TEN-K is a Electrolyte supplement that works by Potassium chloride is a potassium supplement that replaces potassium ions in the body, essential for maintaining intracellular osmotic pressure, acid-base balance, and nerve conduction. It acts as a cofactor for numerous enzymes and is critical for myocardial and skeletal muscle contraction.. HEMICLOR is a Electrolyte Supplement that works by Hemichlor (HEMICLOR) is a brand name for a combination product containing chlorpheniramine and pseudoephedrine. Chlorpheniramine is a first-generation antihistamine that antagonizes histamine at H1 receptor sites, reducing allergic symptoms. Pseudoephedrine is a sympathomimetic amine that directly stimulates alpha-adrenergic receptors, causing vasoconstriction and decongestion.. They differ in pharmacokinetic profiles, FDA-approved indications, and side effect profiles.
Potency comparisons between TEN-K and HEMICLOR depend on the specific clinical indication. These are agents from distinct pharmacological classes and are not directly interchangeable by dose. A physician or clinical pharmacist should guide any therapeutic switching decisions.

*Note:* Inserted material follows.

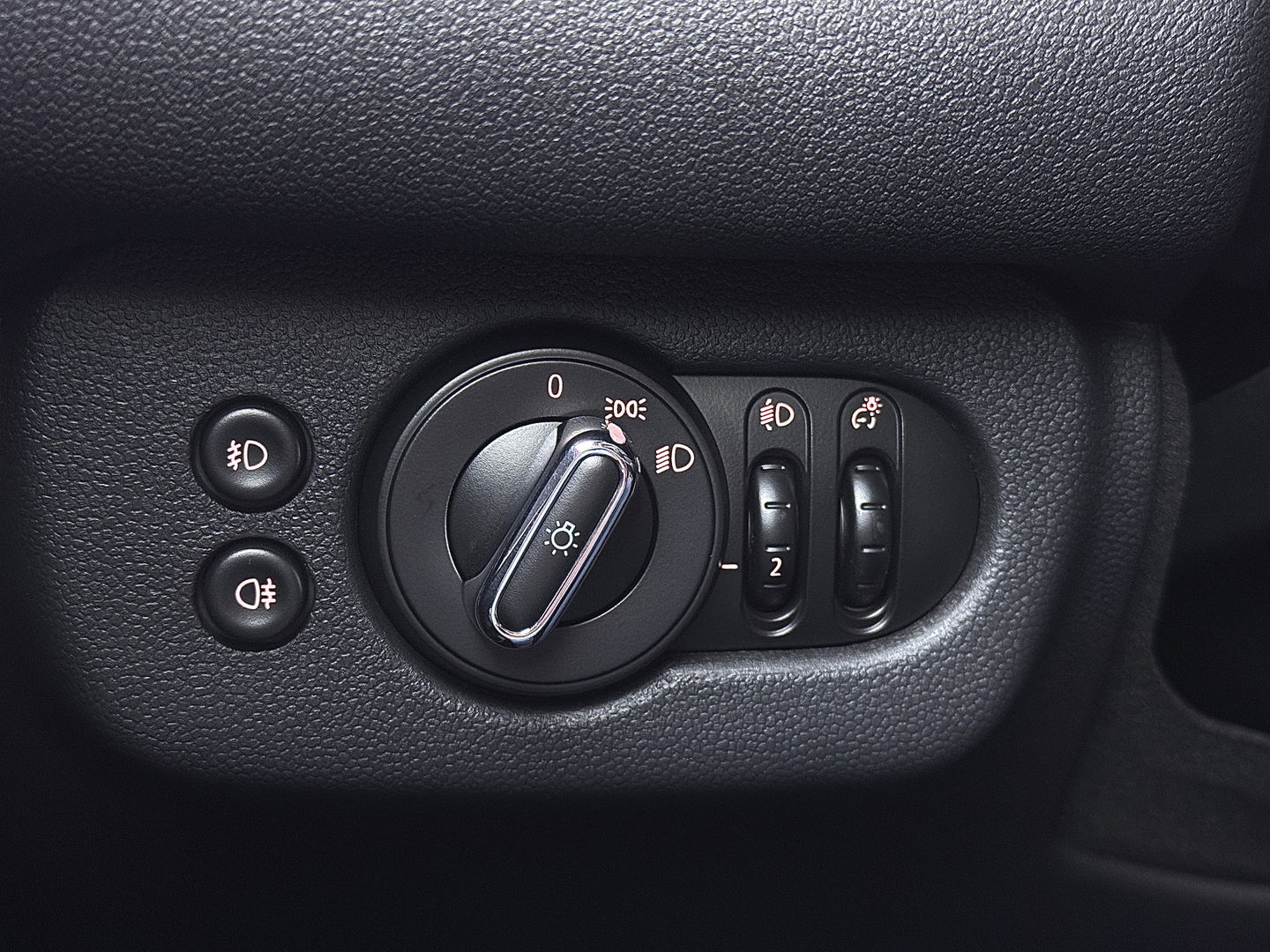 MINI Clubman 1.5 One Pepper Serious Business | Stoelverwarming | Keyless Go / Keyless Entry | Airconditioning | 17" Lichtmetaal | Parkeersensoren | Bluetooth | Isofix | Elektrische Ramen |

The standard adult dose of TEN-K is: 10 m Eq (one tablet) orally once daily or as directed by physician.. The standard adult dose of HEMICLOR is: 50-100 mg intravenously every 6 hours or 100 mg orally every 12 hours.. Dosing should always be individualized based on indication, renal and hepatic function, age, and other patient factors.

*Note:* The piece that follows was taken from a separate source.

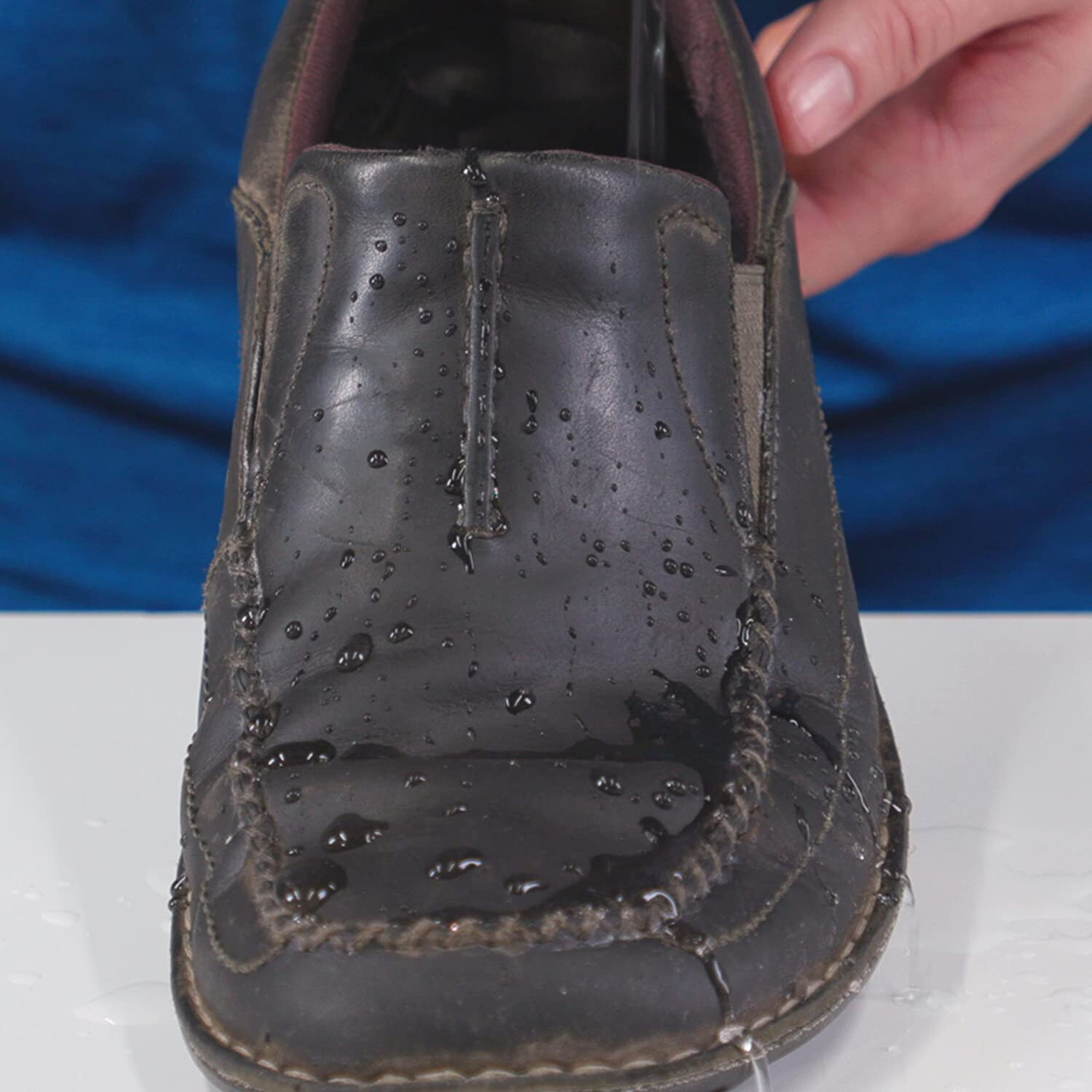 GEAR AID Revivex Leather Water Repellent for Shoes and Boots, 4 fl oz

No direct drug-drug interaction has been formally documented between TEN-K and HEMICLOR in current clinical databases. However, individual patient risk factors including other medications, organ function, and comorbidities should always be evaluated by a qualified healthcare provider.
The maternal-fetal safety profiles differ. TEN-K is classified as Category C. No known teratogenic effects based on available data. Potassium supplementation does not increase risk of congenital anomalies above baseline. However, avoid hyperkalemia in pregna. HEMICLOR is classified as Category C. Hemichlor (hydrochlorothiazide) is contraindicated in pregnancy due to risk of fetal/neonatal jaundice, thrombocytopenia, and electrolyte disturbances. First trimester: associated . Always consult a maternal-fetal medicine specialist before taking either drug during pregnancy or lactation.